- **ENTRIES PROVIDED**:
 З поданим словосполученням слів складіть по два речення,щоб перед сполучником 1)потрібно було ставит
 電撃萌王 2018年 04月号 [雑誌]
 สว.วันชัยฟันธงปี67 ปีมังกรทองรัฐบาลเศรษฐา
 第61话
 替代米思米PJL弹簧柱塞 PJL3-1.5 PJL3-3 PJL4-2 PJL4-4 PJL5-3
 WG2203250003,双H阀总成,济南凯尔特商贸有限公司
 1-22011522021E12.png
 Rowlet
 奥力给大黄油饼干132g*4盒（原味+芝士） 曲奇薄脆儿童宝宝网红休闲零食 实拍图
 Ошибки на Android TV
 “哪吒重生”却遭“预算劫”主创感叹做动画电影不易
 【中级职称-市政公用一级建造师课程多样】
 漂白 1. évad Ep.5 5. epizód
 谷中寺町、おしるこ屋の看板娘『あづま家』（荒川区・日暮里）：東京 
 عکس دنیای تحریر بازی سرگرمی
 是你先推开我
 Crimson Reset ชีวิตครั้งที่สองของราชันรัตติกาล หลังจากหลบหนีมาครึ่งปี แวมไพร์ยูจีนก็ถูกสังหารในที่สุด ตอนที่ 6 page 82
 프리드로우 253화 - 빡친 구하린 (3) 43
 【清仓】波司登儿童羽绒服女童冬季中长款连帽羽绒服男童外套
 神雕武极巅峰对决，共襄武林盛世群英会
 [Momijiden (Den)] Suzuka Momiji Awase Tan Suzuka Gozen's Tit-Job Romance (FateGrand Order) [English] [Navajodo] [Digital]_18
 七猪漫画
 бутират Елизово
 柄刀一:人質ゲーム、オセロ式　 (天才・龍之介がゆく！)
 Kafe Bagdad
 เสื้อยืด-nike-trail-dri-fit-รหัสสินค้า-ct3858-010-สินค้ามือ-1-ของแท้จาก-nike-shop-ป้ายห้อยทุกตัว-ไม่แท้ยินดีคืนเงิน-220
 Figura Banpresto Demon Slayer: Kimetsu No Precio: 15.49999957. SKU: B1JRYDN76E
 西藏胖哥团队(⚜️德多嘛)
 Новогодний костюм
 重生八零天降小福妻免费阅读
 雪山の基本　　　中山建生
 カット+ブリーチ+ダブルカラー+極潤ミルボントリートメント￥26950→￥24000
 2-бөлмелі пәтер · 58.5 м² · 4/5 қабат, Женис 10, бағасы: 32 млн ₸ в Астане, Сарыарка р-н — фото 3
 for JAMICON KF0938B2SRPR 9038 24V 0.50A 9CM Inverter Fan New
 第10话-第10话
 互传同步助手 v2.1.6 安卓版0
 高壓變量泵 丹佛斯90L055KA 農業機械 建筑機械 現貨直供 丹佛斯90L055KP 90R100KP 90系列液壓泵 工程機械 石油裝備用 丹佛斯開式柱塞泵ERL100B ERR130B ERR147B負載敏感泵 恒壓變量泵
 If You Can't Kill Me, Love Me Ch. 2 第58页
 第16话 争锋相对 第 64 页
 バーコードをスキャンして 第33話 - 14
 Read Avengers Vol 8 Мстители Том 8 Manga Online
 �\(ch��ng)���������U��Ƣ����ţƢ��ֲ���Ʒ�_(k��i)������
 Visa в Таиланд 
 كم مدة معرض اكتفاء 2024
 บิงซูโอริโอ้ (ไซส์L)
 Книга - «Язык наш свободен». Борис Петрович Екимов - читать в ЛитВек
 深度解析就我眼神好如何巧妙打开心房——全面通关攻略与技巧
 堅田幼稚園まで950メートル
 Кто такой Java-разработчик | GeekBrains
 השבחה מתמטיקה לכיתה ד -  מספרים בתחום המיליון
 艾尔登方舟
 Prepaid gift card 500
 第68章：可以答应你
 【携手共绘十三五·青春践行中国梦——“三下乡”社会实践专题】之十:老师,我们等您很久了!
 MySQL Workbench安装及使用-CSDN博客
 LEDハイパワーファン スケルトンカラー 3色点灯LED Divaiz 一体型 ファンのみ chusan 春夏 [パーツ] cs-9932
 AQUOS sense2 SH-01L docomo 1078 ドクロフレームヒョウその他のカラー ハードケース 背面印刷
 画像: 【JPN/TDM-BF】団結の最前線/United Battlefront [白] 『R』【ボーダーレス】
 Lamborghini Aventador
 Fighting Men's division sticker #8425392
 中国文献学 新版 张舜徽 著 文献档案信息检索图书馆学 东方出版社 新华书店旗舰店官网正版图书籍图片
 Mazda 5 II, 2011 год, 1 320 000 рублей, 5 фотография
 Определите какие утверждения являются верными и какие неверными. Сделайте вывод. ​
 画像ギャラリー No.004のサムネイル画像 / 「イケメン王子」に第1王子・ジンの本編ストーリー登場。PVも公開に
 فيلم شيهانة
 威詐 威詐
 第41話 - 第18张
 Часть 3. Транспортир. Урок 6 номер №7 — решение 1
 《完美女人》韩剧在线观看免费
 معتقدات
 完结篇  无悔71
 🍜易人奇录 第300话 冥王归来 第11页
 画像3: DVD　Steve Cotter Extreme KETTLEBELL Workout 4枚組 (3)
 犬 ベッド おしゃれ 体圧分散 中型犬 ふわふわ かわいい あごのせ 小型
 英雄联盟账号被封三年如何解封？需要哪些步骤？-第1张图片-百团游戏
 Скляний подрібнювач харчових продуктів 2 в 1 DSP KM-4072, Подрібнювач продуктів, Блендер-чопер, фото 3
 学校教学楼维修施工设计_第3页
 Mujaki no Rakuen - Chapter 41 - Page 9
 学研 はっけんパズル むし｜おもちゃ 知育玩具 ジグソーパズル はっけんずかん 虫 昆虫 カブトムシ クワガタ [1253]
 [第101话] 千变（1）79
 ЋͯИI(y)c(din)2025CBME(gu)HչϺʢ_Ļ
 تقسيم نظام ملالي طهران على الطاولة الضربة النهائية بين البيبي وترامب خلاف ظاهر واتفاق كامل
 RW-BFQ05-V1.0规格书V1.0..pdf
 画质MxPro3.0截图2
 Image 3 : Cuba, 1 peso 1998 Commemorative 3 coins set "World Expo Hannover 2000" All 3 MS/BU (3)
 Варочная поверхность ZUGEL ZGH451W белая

- **REQUIRED ACTION**: Starting at the line with "1-22011522021E12.png" and ending at the line with "カット+ブリーチ+ダブルカラ", print each line of the listing above exactly, with no other lines.

- **EXERCISE OUTPUT**:
 1-22011522021E12.png
 Rowlet
 奥力给大黄油饼干132g*4盒（原味+芝士） 曲奇薄脆儿童宝宝网红休闲零食 实拍图
 Ошибки на Android TV
 “哪吒重生”却遭“预算劫”主创感叹做动画电影不易
 【中级职称-市政公用一级建造师课程多样】
 漂白 1. évad Ep.5 5. epizód
 谷中寺町、おしるこ屋の看板娘『あづま家』（荒川区・日暮里）：東京 
 عکس دنیای تحریر بازی سرگرمی
 是你先推开我
 Crimson Reset ชีวิตครั้งที่สองของราชันรัตติกาล หลังจากหลบหนีมาครึ่งปี แวมไพร์ยูจีนก็ถูกสังหารในที่สุด ตอนที่ 6 page 82
 프리드로우 253화 - 빡친 구하린 (3) 43
 【清仓】波司登儿童羽绒服女童冬季中长款连帽羽绒服男童外套
 神雕武极巅峰对决，共襄武林盛世群英会
 [Momijiden (Den)] Suzuka Momiji Awase Tan Suzuka Gozen's Tit-Job Romance (FateGrand Order) [English] [Navajodo] [Digital]_18
 七猪漫画
 бутират Елизово
 柄刀一:人質ゲーム、オセロ式　 (天才・龍之介がゆく！)
 Kafe Bagdad
 เสื้อยืด-nike-trail-dri-fit-รหัสสินค้า-ct3858-010-สินค้ามือ-1-ของแท้จาก-nike-shop-ป้ายห้อยทุกตัว-ไม่แท้ยินดีคืนเงิน-220
 Figura Banpresto Demon Slayer: Kimetsu No Precio: 15.49999957. SKU: B1JRYDN76E
 西藏胖哥团队(⚜️德多嘛)
 Новогодний костюм
 重生八零天降小福妻免费阅读
 雪山の基本　　　中山建生
 カット+ブリーチ+ダブルカラー+極潤ミルボントリートメント￥26950→￥24000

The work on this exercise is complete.